Source code for learning

import numpy as np
import pandas as pd
import statistics as st
from sklearn.linear_model import LinearRegression, Ridge
from sklearn.pipeline import Pipeline
from sklearn.preprocessing import PolynomialFeatures
from sklearn import metrics

[docs]def predict(df_test, model, feats, target):
    """
    Applies a regression model to predict values of a dependent variable for a given dataframe and 
    given features.

    Args:
        df_test: The input dataframe.
        model: The regression model. Instance of Pipeline.
        feats: List of strings: each string is the name of a column of df_test.
        target: The name of the column of df corresponding to the dependent variable.
    Returns:
        y_pred: Array of predicted values. 
    """

    df_x = df_test[feats]
    df_y = df_test[target] #is this needed?
    x = df_x.values
    y_true = df_y.values #is this needed?
    y_pred = model.predict(x)
    return y_pred

[docs]def fit_linear_model(df, feats, target, a=1e-4, deg=3):
    """
    Fits a regression model on a given dataframe, and returns the model, the predicted values and the associated 
    scores. Applies Ridge Regression with polynomial features. 

    Args:
        df: The input dataframe.
        feats: List of names of columns of df. These are the feature variables.
        target: The name of a column of df corresponding to the dependent variable.
        a: A positive float.
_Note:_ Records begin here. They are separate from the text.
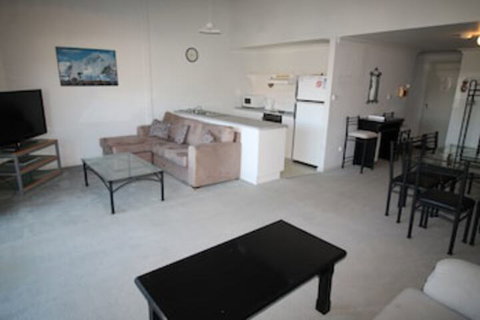 Razorback 11 - Razorback Plaza Jindabyne - Foster Accommodation 0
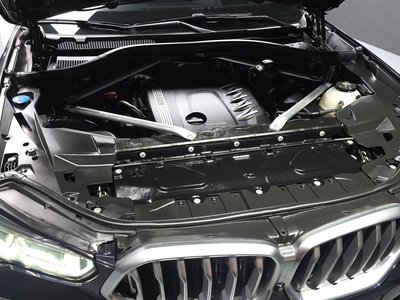 2022 BMW X6 照片 7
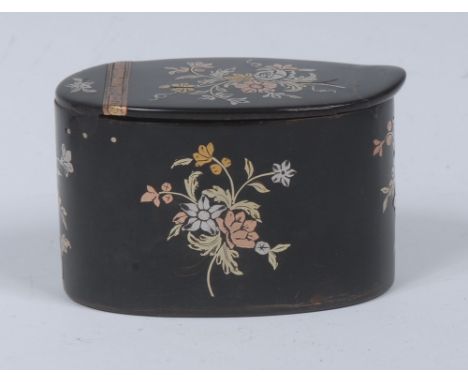 A George III tortoiseshell and piqué oval table snuff box, inlaid throughout with precious metal sprigs of country flowers, h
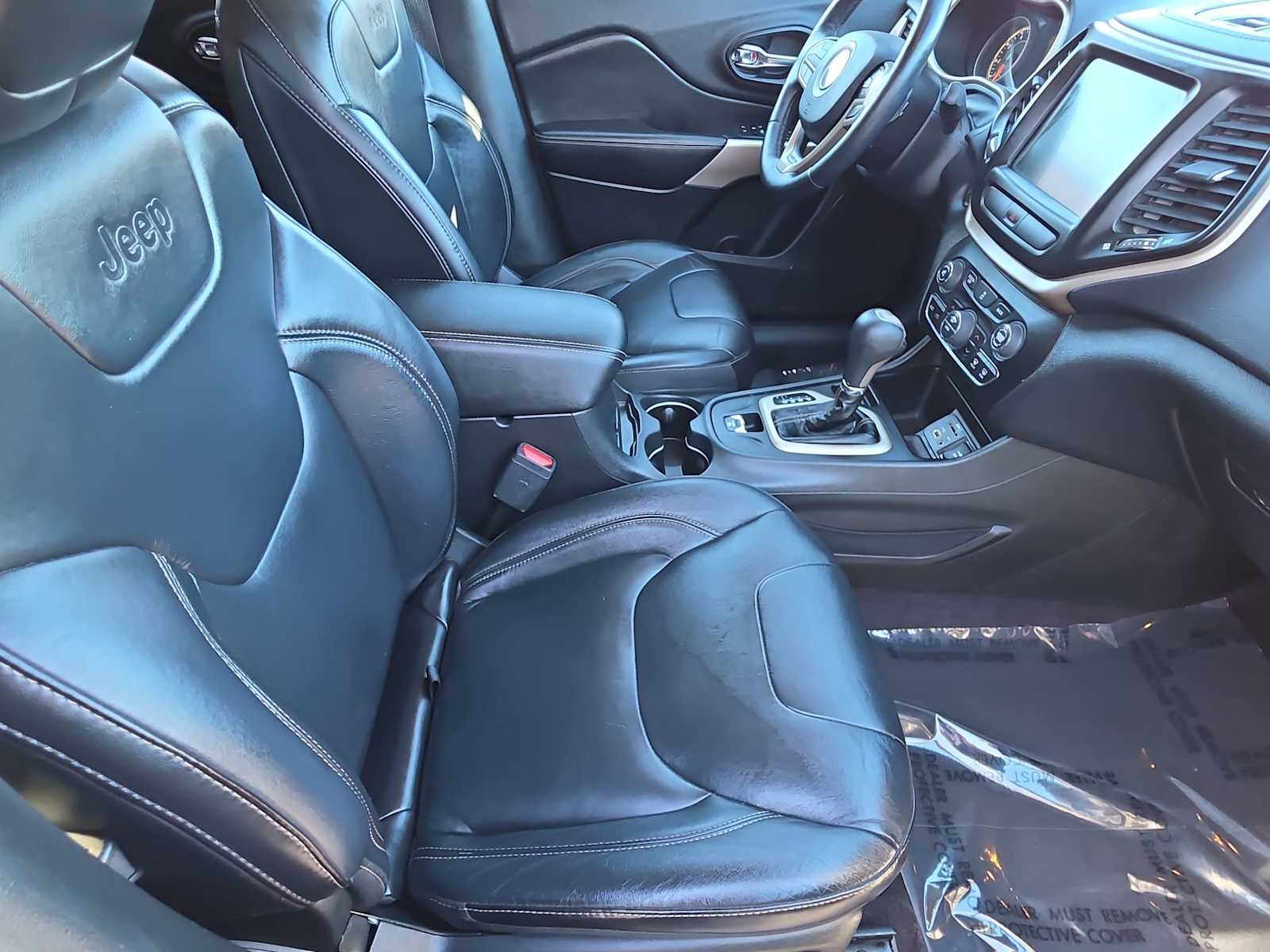 Thumbnail: 2017 Jeep Cherokee - 17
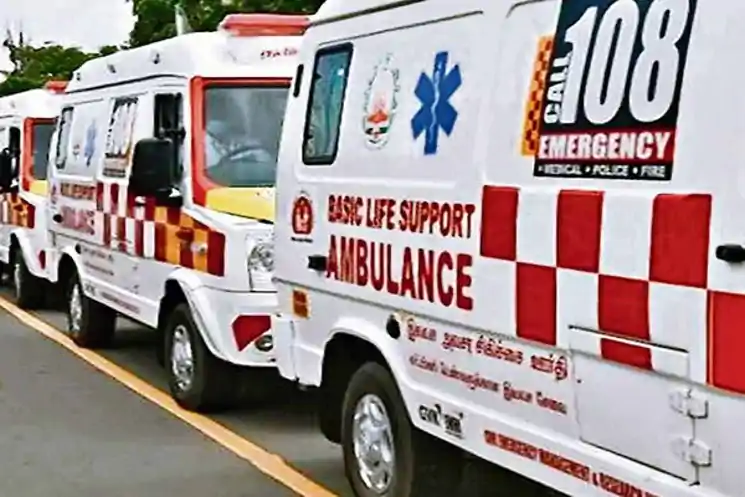 वेतन बकाया से बेहाल 108 एंबुलेंस कर्मी, त्योहार बीते पर भी नहीं मिला नवंबर–दिसंबर का भुगतान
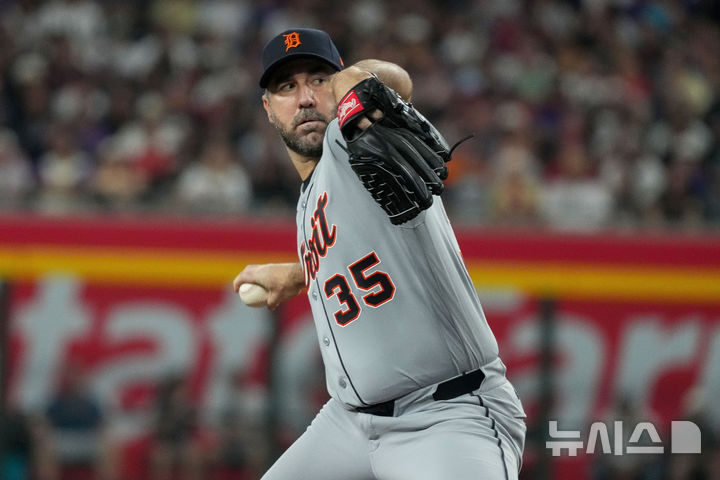 [피닉스=AP/뉴시스] 메이저리그(MLB) 디트로이트 타이거스 투수 저스틴 벌랜더가 30일(현지 시간) 미국 애리조나주 피닉스의 체이스필드에서 열린 2026 MLB 애리조나 다이아몬드백스와의 경기에 선발 등판해 공을 던지고 있다. 2026.03.31.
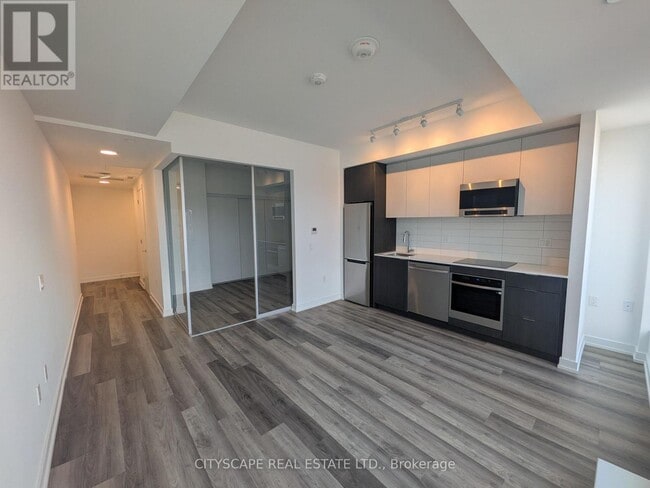 6 Chartwell Rd in Toronto, ON - Building Photo - Building Photo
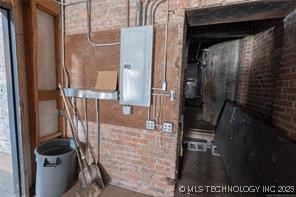 201 W Main Property Photo 10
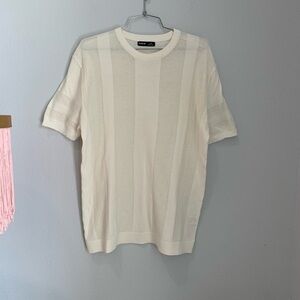 Men’s Beige Shean Sweater shirt.‎ Size M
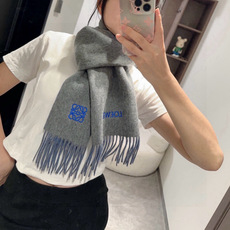 上新!Loewe · 罗意威️难得一见的温柔配色,低调又不失优雅❗️】重点推荐❗️双面配色,一条围巾两种风格搭配,高级舒 上新!Loewe · 罗意威️难得一见的温柔配色,低调又不失优雅❗️】重点推荐❗️双面配色,一条围巾两种风格搭配,高级舒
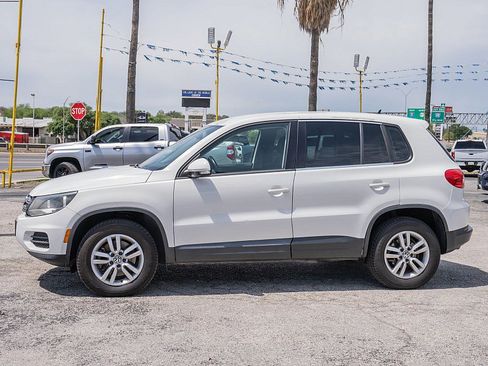 Used 2013 Volkswagen Tiguan S image 8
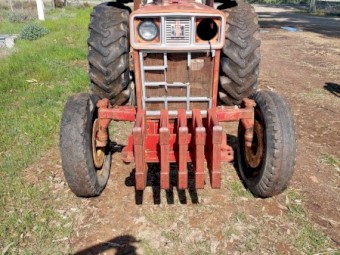 International 584 tractor 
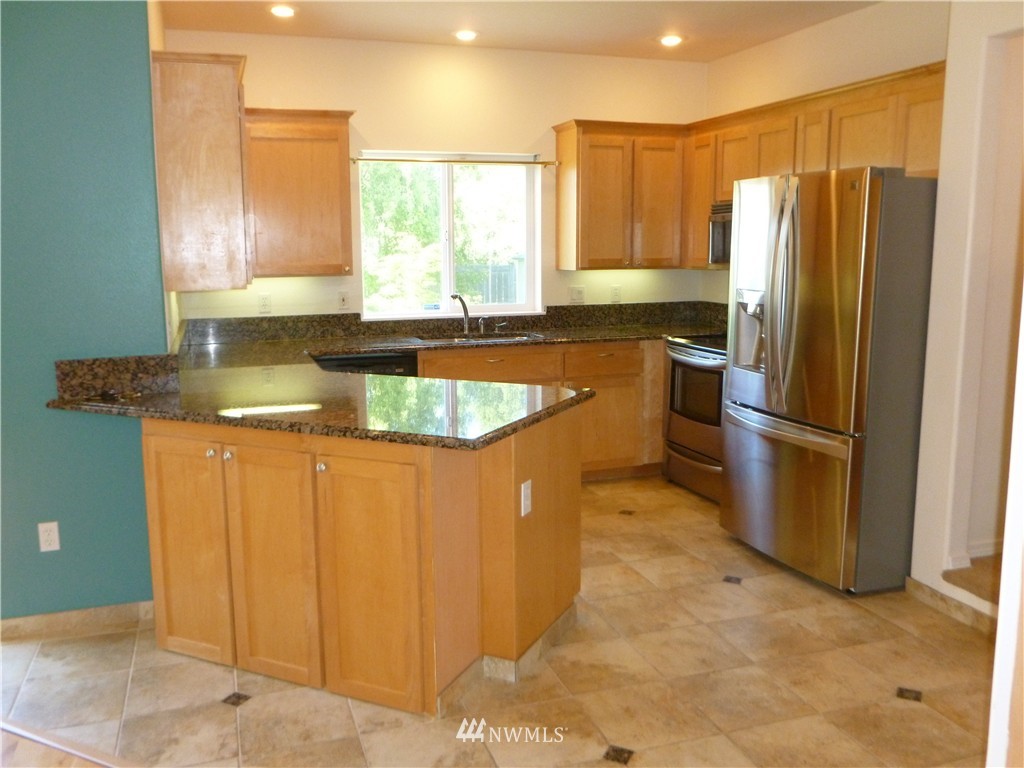409 Jackson Street Steilacoom, WA 98388 - Photo 6 of 24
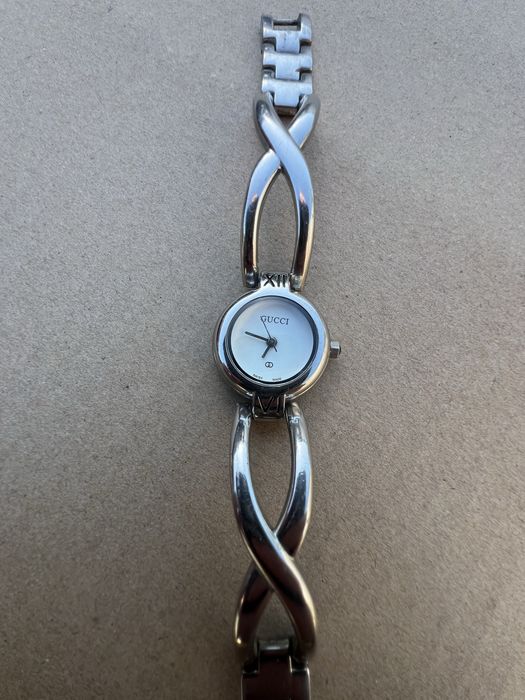 Часы Gucci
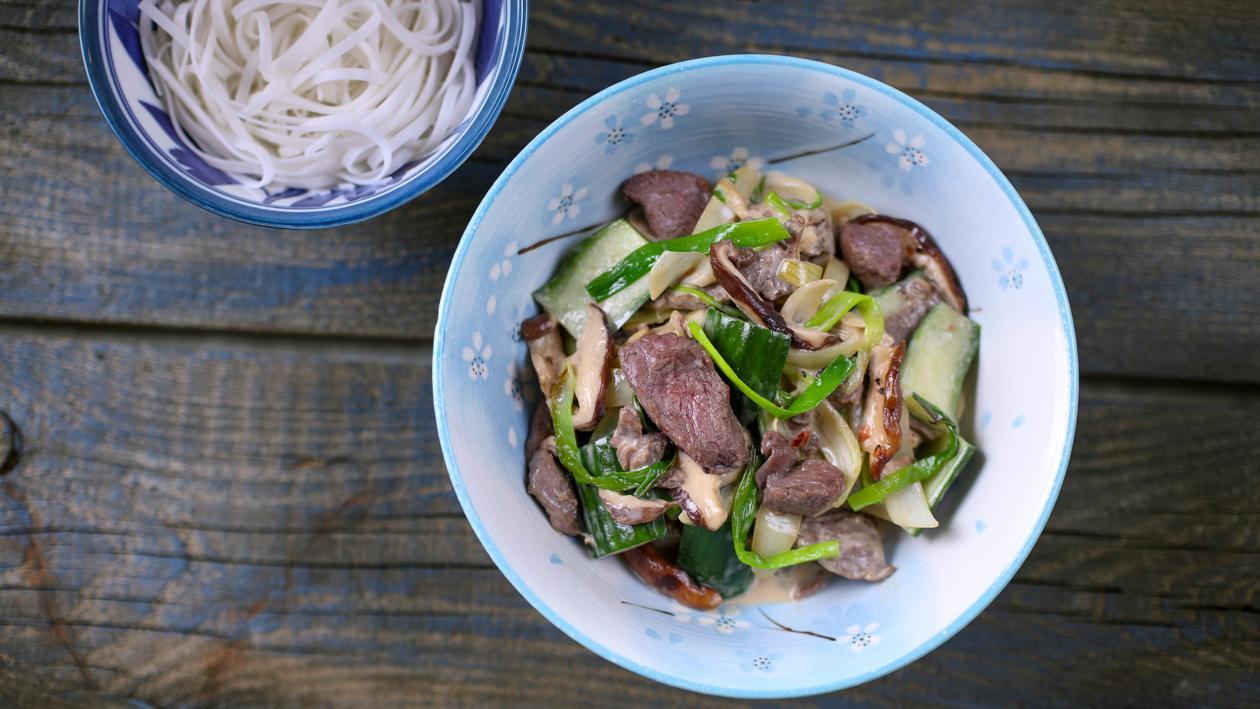 Boeuf Strogonow w orientalnej odsłonie z zielonym ogórkiem Boeuf Strogonow w orientalnej odsłonie z zielonym ogórkiem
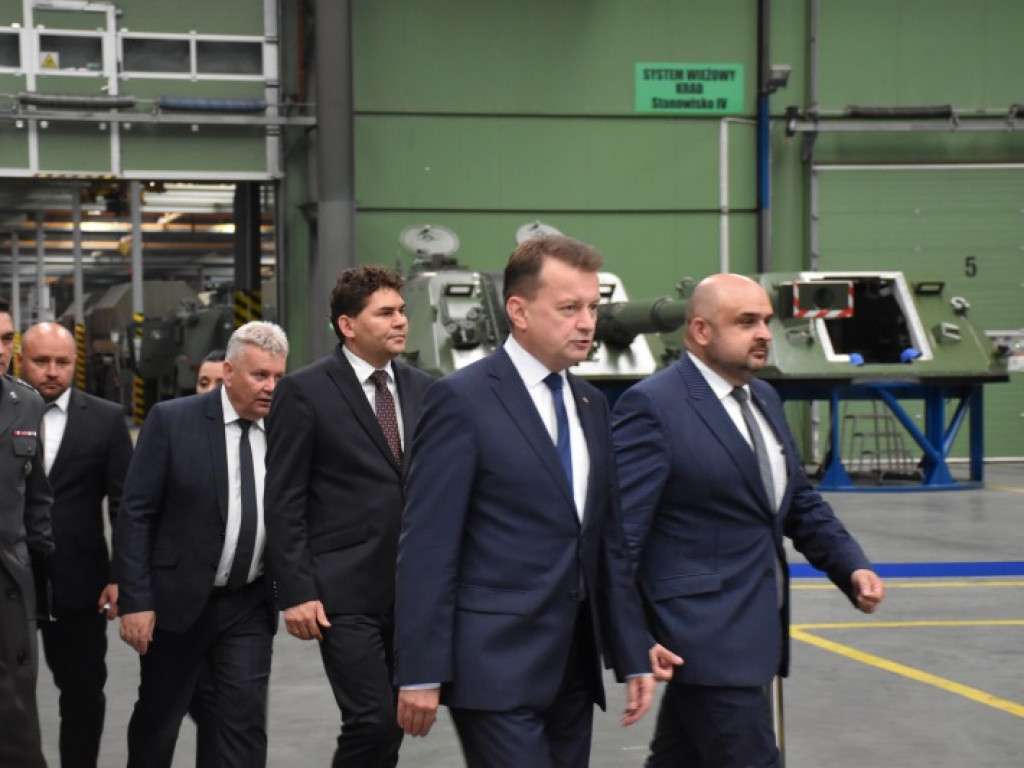Minister Obrony Narodowej w Hucie Stalowa Wola. Podpisał gigantyczny kontrakt! [zdjęcia]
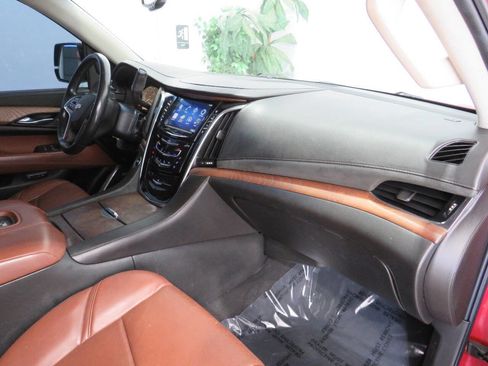 Used 2015 Cadillac Escalade ESV Premium image 9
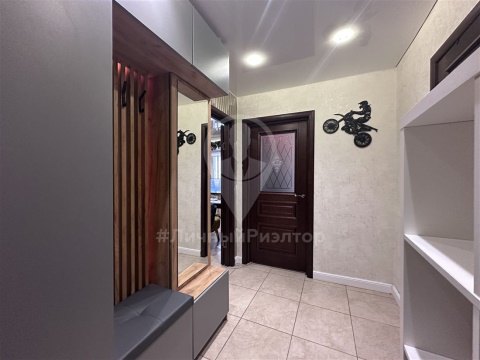 1-к квартира, 7/10 эт., 42м²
Regularization strength parameter for the linear least squares function 
        (the loss function) where regularization is given by the l2-norm. 
        deg: The degree of the regression polynomial.

    Returns:    
        pipeline: The regression model. This is an instance of Pipeline.
        y_pred: An array with the predicted values.
        r_sq: The coefficient of determination “R squared”.
        mae: The mean absolute error.
        me: The mean error.
        mape: The mean absolute percentage error.
        mpe: The mean percentage error.
    """

    df_x = df[feats]
    df_y = df[target]
    X = df_x.values
    y = df_y.values

    polynomial_features = PolynomialFeatures(degree=deg)
    linear_regression = Ridge(alpha=a)

    pipeline = Pipeline([("polynomial_features", polynomial_features),
                         ("linear_regression", linear_regression)])

    pipeline.fit(X, y)
    y_pred = pipeline.predict(X)
    r_sq, mae, me, mape, mpe = st.score(y, y_pred)
    return pipeline, y_pred, r_sq, mae, me, mape, mpe

[docs]def get_line_and_slope(values):
    """
    Fits a line on the 2-dimensional graph of a regular time series, defined by a sequence of real values. 

    Args:
        values: A list of real values.

    Returns: 
        line: The list of values as predicted by the linear model.
        slope: Slope of the line.
        intercept: Intercept of the line.   
    """

    ols = LinearRegression()
    X = np.arange(len(values)).reshape(-1,1)
    y = values.reshape(-1,1)
    ols.fit(X, y)
    line = ols.predict(X)
    slope = ols.coef_.item()
    intercept = ols.intercept_.item()
    return line, slope, intercept

[docs]def train_on_reference_points(df, w_train, ref_points, feats, target, random_state=0):
    """
    Trains a regression model on a training set defined by segments of a dataframe. 
    These segments are defined by a set of starting points and a parameter indicating their duration. 
    In each segment, one subset of points is randomly chosen as the training set and the remaining points 
    define the validation set.
    
    Args:
        df: Input dataframe. 
        w_train: The duration, given as a number of days, of the segments where the model is trained.
        ref_points: A list containing the starting date of each segment where the model is trained.
        feats: A list of names of columns of df corresponding to the feature variables.
        target: A name of a column of df corresponding to the dependent variable.
        random_state: Seed for a random number generator, which is used in randomly selecting the validation 
        set among the points in a fixed segment.

    Returns:
        model: The regression model. This is an instance of Pipeline.
        training_scores: An array containing scores for the training set. It contains the coefficient 
        of determination “R squared”, the mean absolute error, the mean error, the mean absolute percentage error.
        validation_scores: An array containing scores for the validation set. It contains the coefficient 
        of determination “R squared”, the mean absolute error, the mean error, the mean absolute percentage error.
    """

    df_train = pd.DataFrame([])
    df_val = pd.DataFrame([])
    for idx in range(ref_points.size):
        d_train_stop = pd.to_datetime(ref_points[idx]) + pd.Timedelta(days=w_train)
        df_tmp = df.loc[ref_points[idx]:str(d_train_stop)]
        df_tmp2 = df_tmp.sample(frac=1, random_state=random_state) # added random state for reproducibility during experiments
        size_train = int(len(df_tmp2) * 0.80)
        df_train = df_train.append(df_tmp2[:size_train])
        df_val = df_val.append(df_tmp2[size_train:])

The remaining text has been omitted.